How to tell the compiler to unroll this loop [dupl

2019-06-04 19:18发布

问题:

This question already has an answer here:

  • Tell gcc to specifically unroll a loop 3 answers

I have the following loop that I am running on an ARM processor.

// pin here is pointer to some part of an array
for (i = 0; i < v->numelements; i++)
{
    pe   = pptr[i];
    peParent = pe->parent;

    SPHERE  *ps = (SPHERE *)(pe->data);

    pin[0] = FLOAT2FIX(ps->rad2);
    pin[1] = *peParent->procs->pe_intersect == &SphPeIntersect;
    fixifyVector( &pin[2], ps->center ); // Is an inline function

    pin = pin + 5;
}

By the slow performance of the loop, I can judge that the compiler was unable to unroll this loop, as when I manually do the unrolling, it becomes quite fast. I think the compiler is getting confused by the pin pointer. Can we use restrict keyword to help the compiler here, or is restrict only reserved for function parameters?
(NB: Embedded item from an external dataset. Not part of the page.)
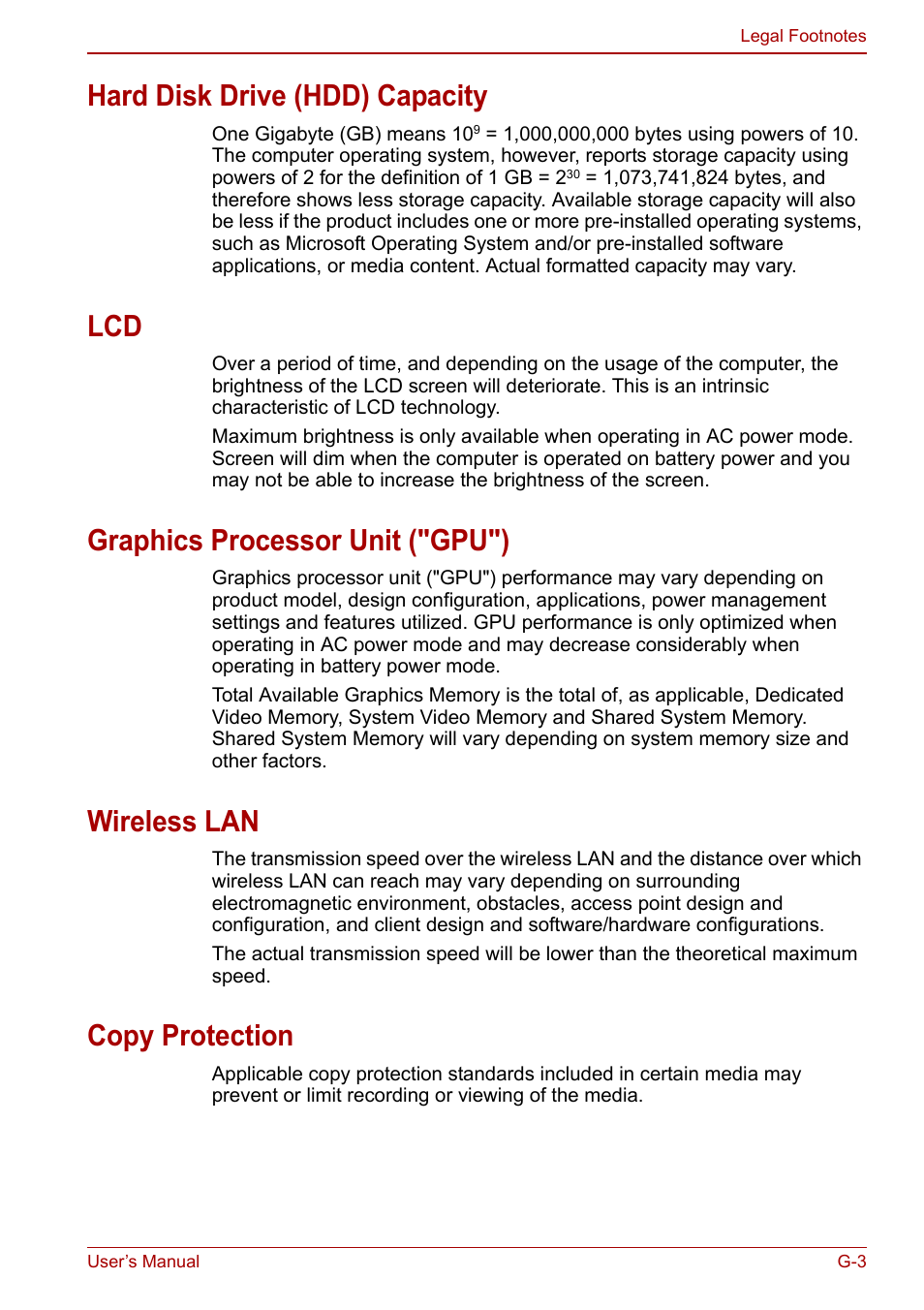 Hard disk drive (hdd) capacity, Graphics processor unit ("gpu"), Wireless lan | Copy protection | Toshiba Satellite Pro L650 User Manual | Page 163 / 171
In general how can we tell the compiler to unroll it and don't worry about the pin pointer.

回答1:

To tell gcc to unroll all loops you can use the optimization flag -funroll-loops.
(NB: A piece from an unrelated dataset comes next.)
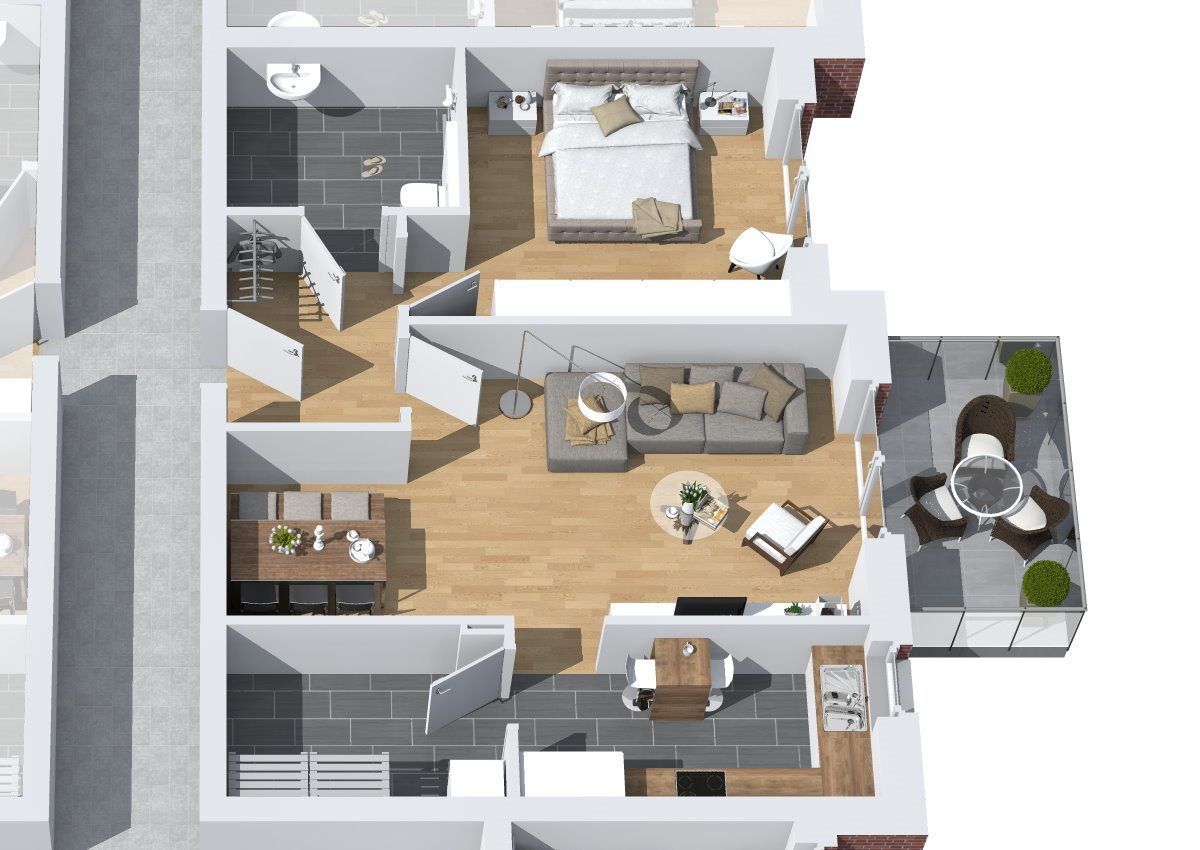 Der 3D-Grundriss der Wohnung 11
To unroll only a specific loop you can use:

__attribute__((optimize("unroll-loops")))

see this answer for more details.

Edit

If the compiler cannot determine the number of iterations of the loop upon entry you will need to use -funroll-all-loops. Note that from the documentation: "Unroll all loops, even if their number of iterations is uncertain when the loop is entered. This usually makes programs run more slowly."



回答2:

If you extent pptr size by one, you can use the pld instruction.

  __asm__ __volatile__("pld\t[%0]" :: "r" (pptr[i+1]));

Or alternatively you may need to pre-load the next peParent and SPHERE *ps. The loop overhead on an ARM is very small. It is unlikely that un-rolling the loop will be a significant benefit. There are no loop variable constants. It is more likely that the compiler's scheduler is able to fetch advanced data before it is used when you have un-rolled the loop.

You have not presented all of the code to see the data dependencies. There maybe other variables that would benefit from being pre-loaded. Giving a complete example would probably help everyone answer your question.